Reanalysis of two controversial publications using additional data refutes the hypotheses that SARS-CoV-2 was engineered to contain pieces of HIV-1 and uses snakes as an intermediate host. Available evidence suggests the probable evolutionary origin of SARS-CoV-2 is bats, with the involvement of one or more mammalian intermediate hosts.

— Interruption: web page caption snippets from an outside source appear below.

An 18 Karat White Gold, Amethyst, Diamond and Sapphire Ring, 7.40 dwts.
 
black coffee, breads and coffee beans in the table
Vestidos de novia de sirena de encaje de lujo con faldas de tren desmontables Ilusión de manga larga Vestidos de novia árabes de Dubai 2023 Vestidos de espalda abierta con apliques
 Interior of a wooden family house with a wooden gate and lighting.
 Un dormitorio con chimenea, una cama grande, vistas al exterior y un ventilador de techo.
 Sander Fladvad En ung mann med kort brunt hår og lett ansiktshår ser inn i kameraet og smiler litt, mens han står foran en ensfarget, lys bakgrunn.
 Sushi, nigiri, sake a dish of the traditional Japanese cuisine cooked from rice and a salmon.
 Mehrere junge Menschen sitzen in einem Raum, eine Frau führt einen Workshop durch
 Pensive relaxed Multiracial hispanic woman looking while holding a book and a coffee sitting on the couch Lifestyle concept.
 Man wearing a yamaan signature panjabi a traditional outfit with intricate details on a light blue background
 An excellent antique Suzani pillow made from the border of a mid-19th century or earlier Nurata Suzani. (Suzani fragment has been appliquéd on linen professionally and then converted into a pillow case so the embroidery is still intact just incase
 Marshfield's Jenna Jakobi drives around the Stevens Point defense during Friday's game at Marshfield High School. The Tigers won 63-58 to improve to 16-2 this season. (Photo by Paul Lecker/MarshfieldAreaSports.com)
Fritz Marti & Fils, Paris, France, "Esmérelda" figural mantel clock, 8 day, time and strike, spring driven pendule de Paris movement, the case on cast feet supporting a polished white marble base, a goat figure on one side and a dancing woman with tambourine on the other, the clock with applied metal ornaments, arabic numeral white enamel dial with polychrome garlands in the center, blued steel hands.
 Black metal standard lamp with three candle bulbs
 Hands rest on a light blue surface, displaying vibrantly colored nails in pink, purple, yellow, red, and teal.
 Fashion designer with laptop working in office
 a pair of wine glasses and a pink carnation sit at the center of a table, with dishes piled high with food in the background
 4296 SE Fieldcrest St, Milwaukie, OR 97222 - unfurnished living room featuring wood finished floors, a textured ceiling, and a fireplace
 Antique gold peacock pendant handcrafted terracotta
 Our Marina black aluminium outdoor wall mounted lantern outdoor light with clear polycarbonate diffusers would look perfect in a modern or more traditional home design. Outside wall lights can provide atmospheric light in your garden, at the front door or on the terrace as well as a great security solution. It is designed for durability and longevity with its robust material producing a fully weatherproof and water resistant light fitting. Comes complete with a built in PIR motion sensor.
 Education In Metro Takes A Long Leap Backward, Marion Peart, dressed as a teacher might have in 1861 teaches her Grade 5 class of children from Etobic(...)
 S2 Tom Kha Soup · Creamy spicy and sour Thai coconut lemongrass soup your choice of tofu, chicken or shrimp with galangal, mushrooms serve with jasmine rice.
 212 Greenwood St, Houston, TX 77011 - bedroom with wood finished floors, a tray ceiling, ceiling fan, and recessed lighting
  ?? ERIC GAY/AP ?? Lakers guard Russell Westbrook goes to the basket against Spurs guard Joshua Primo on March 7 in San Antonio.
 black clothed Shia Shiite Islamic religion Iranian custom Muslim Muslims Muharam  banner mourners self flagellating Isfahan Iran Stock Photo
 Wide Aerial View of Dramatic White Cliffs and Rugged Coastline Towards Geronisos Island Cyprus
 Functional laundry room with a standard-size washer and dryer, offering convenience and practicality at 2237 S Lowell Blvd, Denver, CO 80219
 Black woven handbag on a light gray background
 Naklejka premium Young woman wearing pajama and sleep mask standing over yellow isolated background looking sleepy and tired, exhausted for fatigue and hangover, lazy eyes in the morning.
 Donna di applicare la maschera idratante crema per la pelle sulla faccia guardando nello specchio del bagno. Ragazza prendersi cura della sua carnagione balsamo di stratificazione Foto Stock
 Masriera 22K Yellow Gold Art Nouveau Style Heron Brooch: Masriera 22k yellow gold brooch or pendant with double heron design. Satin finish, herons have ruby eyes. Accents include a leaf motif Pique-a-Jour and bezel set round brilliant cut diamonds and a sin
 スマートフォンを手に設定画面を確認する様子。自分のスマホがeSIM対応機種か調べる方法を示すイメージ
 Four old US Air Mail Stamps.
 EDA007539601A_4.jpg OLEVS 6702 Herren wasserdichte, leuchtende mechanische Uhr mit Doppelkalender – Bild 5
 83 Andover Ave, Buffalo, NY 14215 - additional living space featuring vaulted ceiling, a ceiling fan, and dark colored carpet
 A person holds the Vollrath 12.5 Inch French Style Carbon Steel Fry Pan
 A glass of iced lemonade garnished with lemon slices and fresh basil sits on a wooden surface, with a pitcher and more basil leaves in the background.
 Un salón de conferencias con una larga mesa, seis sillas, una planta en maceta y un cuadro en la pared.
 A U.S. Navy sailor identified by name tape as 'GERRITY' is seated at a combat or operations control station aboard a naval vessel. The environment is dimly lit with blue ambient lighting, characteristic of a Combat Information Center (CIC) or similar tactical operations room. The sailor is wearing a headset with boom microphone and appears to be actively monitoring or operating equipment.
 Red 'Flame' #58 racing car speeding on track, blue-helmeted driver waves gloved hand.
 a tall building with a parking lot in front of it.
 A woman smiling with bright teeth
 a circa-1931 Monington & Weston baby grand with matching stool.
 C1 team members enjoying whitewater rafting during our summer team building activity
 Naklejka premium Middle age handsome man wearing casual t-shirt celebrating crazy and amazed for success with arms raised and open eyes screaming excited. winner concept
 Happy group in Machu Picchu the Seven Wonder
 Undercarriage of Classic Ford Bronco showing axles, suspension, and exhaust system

Additionally, the study finds that comparing host and virus codon usage is not specific enough to determine intermediate hosts of coronaviruses.

Study design

Ecological, Modeling/simulation, Other

Study population and setting

The authors present a reanalysis of data from three recent publications: 1) similarities in genetic sequences within the spike protein of SARS-CoV-2 and human immunodeficiency virus (HIV-1) published by Pradhan et al. (, now withdrawn); 2) identification of potential intermediate hosts of SARS-CoV-2 by comparing the ways that the virus and animals use their genetic code to produce proteins, specifically their relative synonymous codon usage, published by Ji et al. (; and 3) assembly of a draft coronavirus genome from metagenomic reads from Malayan pangolins produced by multiple research groups.

Summary of Main Findings

The authors found that the genetic sequences within the spike protein share no significant similarity with HIV-1 (contradicting Pradhan et al.); rather, all four sequences were close matches to other viruses and three out of four matched exactly with sequences in a coronavirus from a bat. The reanalysis of codon usage between SARS-CoV-2 and potential intermediate hosts was performed using a more complete database than that used by Ji et al. and additional coronaviruses for comparison. The authors find that the most probable intermediate hosts for SARS-CoV-2, SARS-CoV, and MERS-CoV based on codon usage are frogs, which are not known to be involved in any way with the life history of these viruses, thus calling into question the biological validity of relying on codon usage for identifying intermediate hosts. Finally, they successfully put together all of the sequences of pangolin coronaviruses into a draft genome, with 73% coverage and 91% sequence identity (92% for the spike protein) compared to the SARS-CoV-2 genome.

Study Strengths

The authors make a clear and well-supported argument against the claims presented in the Pradhan et al. and Ji et al. studies. The authors reexamine the spike protein sequences with broader search parameters than the original Pradhan et al. study. For the codon usage analysis, a broader diversity of viruses (SARS-CoV and MERS-CoV) and potential intermediate hosts were considered, and the database of codon usage was updated more recently than the one used by Ji et al.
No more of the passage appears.